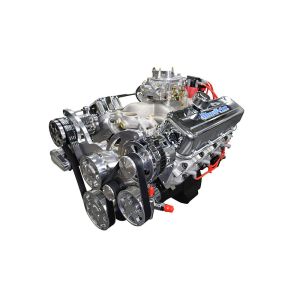 BluePrint Engines GM 496 ci. 600 HP Stroker Dressed Carbureted Long Block Crate Engine BP4967CTCK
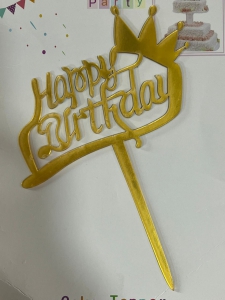 Birthday Cake Toppers Plain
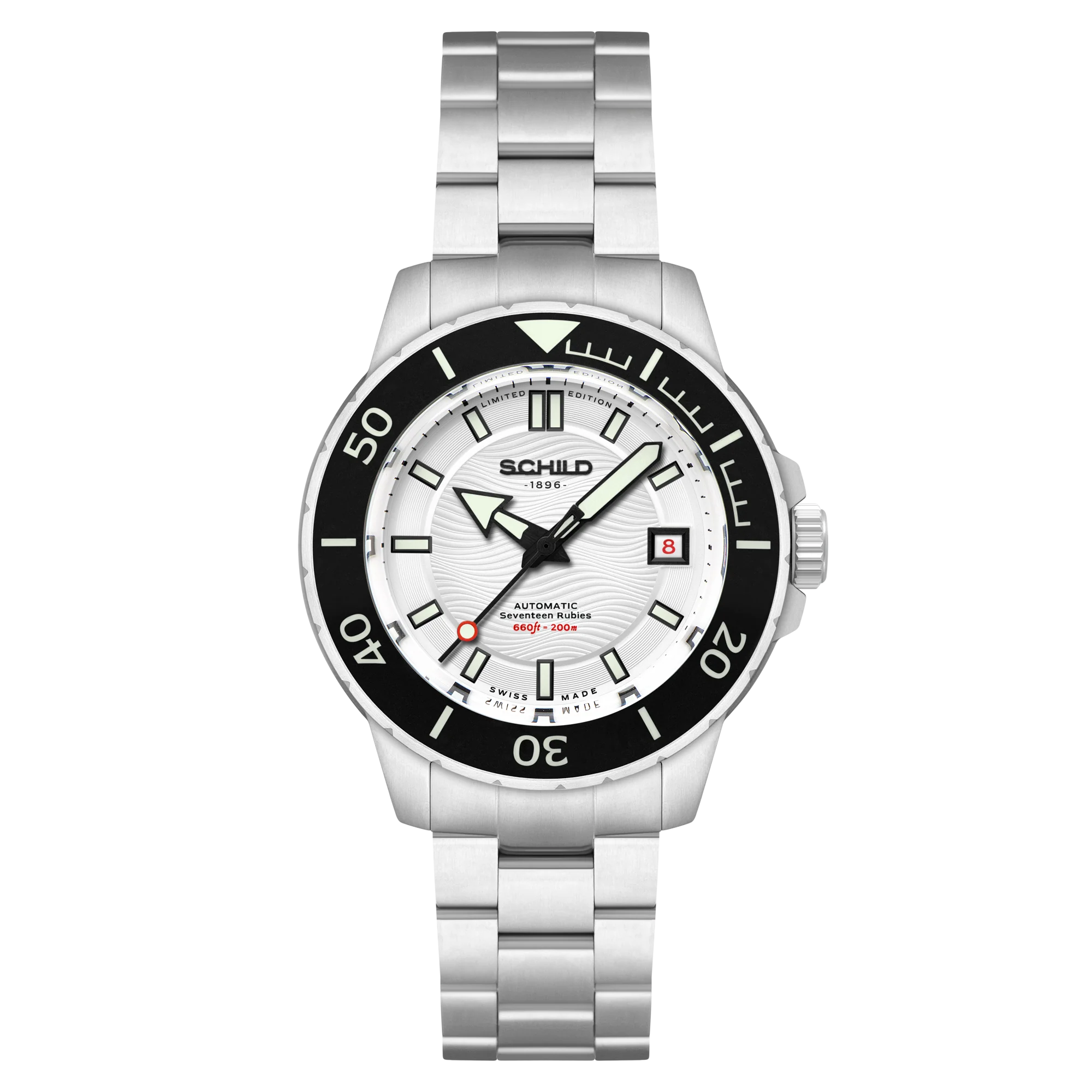 Hermann Swiss Automatic Limited Edition White / Stainless Steel | White Dial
################
Please repeat the listing precisely, excluding the pictures it contains.

:: YOUR SOLUTION ::
 BluePrint Engines GM 496 ci. 600 HP Stroker Dressed Carbureted Long Block Crate Engine BP4967CTCK
 Birthday Cake Toppers Plain
 Hermann Swiss Automatic Limited Edition White / Stainless Steel | White Dial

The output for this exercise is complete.